The line holding "In the cubital" is the last one to output; start at the first line of the data, keep every line in between exactly, and leave out pictures.
Material for this exercise START
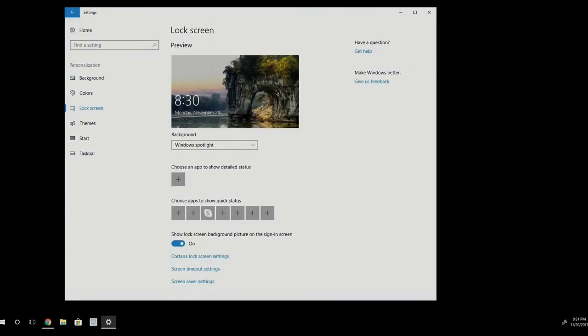Hey guys, it's Calvin, and in this video I want to show you guys how you can download the Spotlight images that are usually displayed on your lock screen in Windows 10.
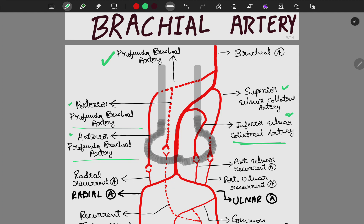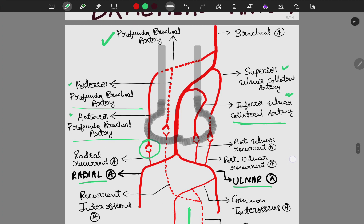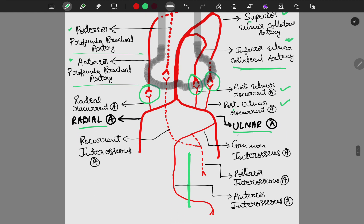In the cubital fossa, the brachial artery gives rise to the radial artery and ulnar artery. The recurrent radial artery makes anastomosis with the anterior profunda brachial artery. The anterior ulnar recurrent artery and posterior ulnar recurrent arteries make anastomosis with the inferior collateral artery and superior collateral artery respectively — anterior with inferior and posterior with superior.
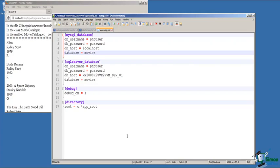From a design standpoint, putting all of the configuration information external to the application code makes configuring the application very flexible. If I want to change the database that I'm connected to, if I want to change the user for the database, I can do that without changing any code within the application. This is important because in a production system, any code changes have to go through a process for testing quality assurance before it's put on the production machine.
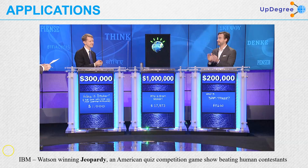IBM Watson winning Jeopardy is a great landmark for the natural language processing community. Jeopardy is an American quiz competition game show, and IBM Watson won it, beating all-time favorite contestants of this particular game.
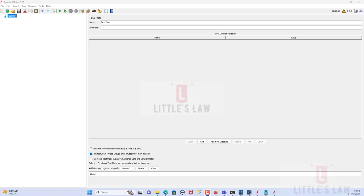Hi, hello and welcome back to another episode on the Littleslaw YouTube channel. In this video we are going to see how to connect MySQL with JMeter — we are going to establish a JDBC connection between MySQL and JMeter. If you want to watch more interesting and informative videos like this, please subscribe to our channel, and like and comment your questions and feedback in the comment section.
Material for this exercise END
**Your response:**
Hey guys, it's Calvin, and in this video I want to show you guys how you can download the Spotlight images that are usually displayed on your lock screen in Windows 10.
In the cubital fossa, the brachial artery gives rise to the radial artery and ulnar artery. The recurrent radial artery makes anastomosis with the anterior profunda brachial artery. The anterior ulnar recurrent artery and posterior ulnar recurrent arteries make anastomosis with the inferior collateral artery and superior collateral artery respectively — anterior with inferior and posterior with superior.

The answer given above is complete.